Good riddance to the Grand Prix on Detroit’s Belle Isle

The geniuses who oversee Detroit’s island gem clearly can only parse the word ‘park’ to mean a place to put cars

click to enlarge Park or race track? Belle Isle pictured in May 26, 2017. - James Piedmont
James Piedmont
Park or race track? Belle Isle pictured in May 26, 2017.

The last time I rode my recumbent bike on Belle Isle — during the winter of 2019-20 — my wheels had a sign on the back urging “NO PRIX ON BELLE ISLE.”

Now I’m back — just in time to see the last Grand Prix on Belle Isle, scheduled for June 3-5 — and to observe the continuing efforts of the Department of Natural Resources (DNR) and its equally tone-deaf colleagues on the Belle Isle Park Advisory Committee (BIPAC) to “improve” the island, mostly with more pavement.

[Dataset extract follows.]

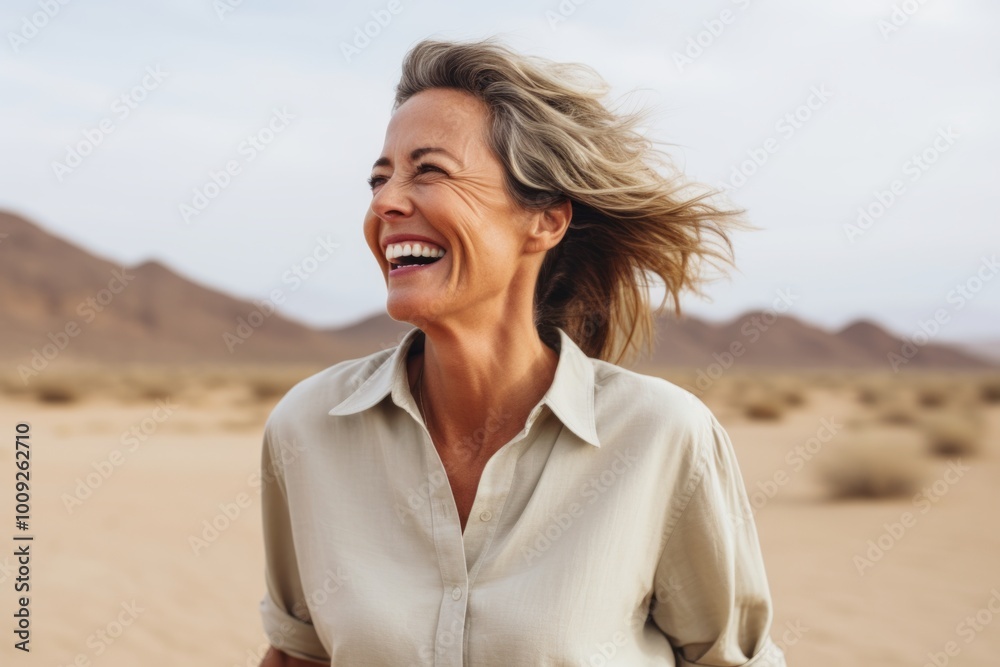 Canvas Prints Portrait of a joyful woman in her 50s wearing a simple cotton shirt while standing against backdrop of desert dunes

Then and now, it’s basically the same lovely place — unique in the continent, if not the world. Freighters squeeze through the narrows between two countries, sometimes blocking the view of Windsor high-rises. It seems impossible there’s enough water for them to draft. It’s magic. Speedboats roar off Lake St. Clair around smaller boats trawling for walleyes. When I ride as the day dawns, I see a couple of other folks jogging, walking, cycling, or just doing what visitors have always done there: sitting in their cars and looking at the water, seeking a respite from the city. The other day I saw a man with a professional camera set up to capture the bald eagle that is in the same tree where I used to spot it perching.

And also, as always, I see seagulls pecking at discarded food trash on the road, geese and goslings jaywalking, a few ducks, even an occasional swan.

But around the east end is the supposed last ugly footprint of an entitled billionaire: concrete barriers, grandstands, trucks on ten acres of concrete where there was once a memorial grove of trees for slain Detroit children. It’s as incongruous as ever.

The car race has had an indelible impact on the perception of Belle Isle: nature taking a backseat to asphalt and concrete. This misconception could only happen in the Motor City, an entire metropolis of automotive hegemony — the concrete ditches, the semi-abandoned suburban malls, the sprawling acres of abandoned middle-class neighborhoods sacrificed to the imperative of rapid escape to suburbia.

You can counter by saying Belle Isle is an urban park — which is quite an absurd concept, given it’s surrounded by an international waterway — and that we’ve got plenty of nature (if you can get out to Kensington or Stony Creek in the suburbs). But isn’t Central Park in New York much more urban, and does it sacrifice nature to pavement? No.

The geniuses who oversee Belle Isle clearly can only parse the word “park” to mean a place to put cars. So they wouldn’t even imagine they could destroy the paddock to return it to trees and grass — no, they plan to stripe it for parking spaces and make it the terminus for a gas-powered trolley to take visitors to other paved parking areas. How many folks will put their picnic baskets and swim gear aboard trolleys? I doubt enough to make any noticeable impact on summer overcrowding.

The island is still a great place to bike in early morning — but not because of anything the state or Roger Penske has done, like paving a couple of segments of what I guess is the “Iron Belle Trail” that are useless for bike riding because they start and terminate in dirt or gravel or grass.

With Penske now getting a sweeter corporate welfare package downtown, he’s moving his race back there. And he’ll get less guff from the likes of me and the other gadflies on the grass-roots group Belle Isle Concern. (We like to imagine we had some role in pushing him off the island after years of trying.)

My advice to the park advisory committee: pick up the trash and sweep the roads in the park each night. Otherwise, let it be. But that’s too mundane, and it doesn’t require spending more grant money on multi-modal transportation studies.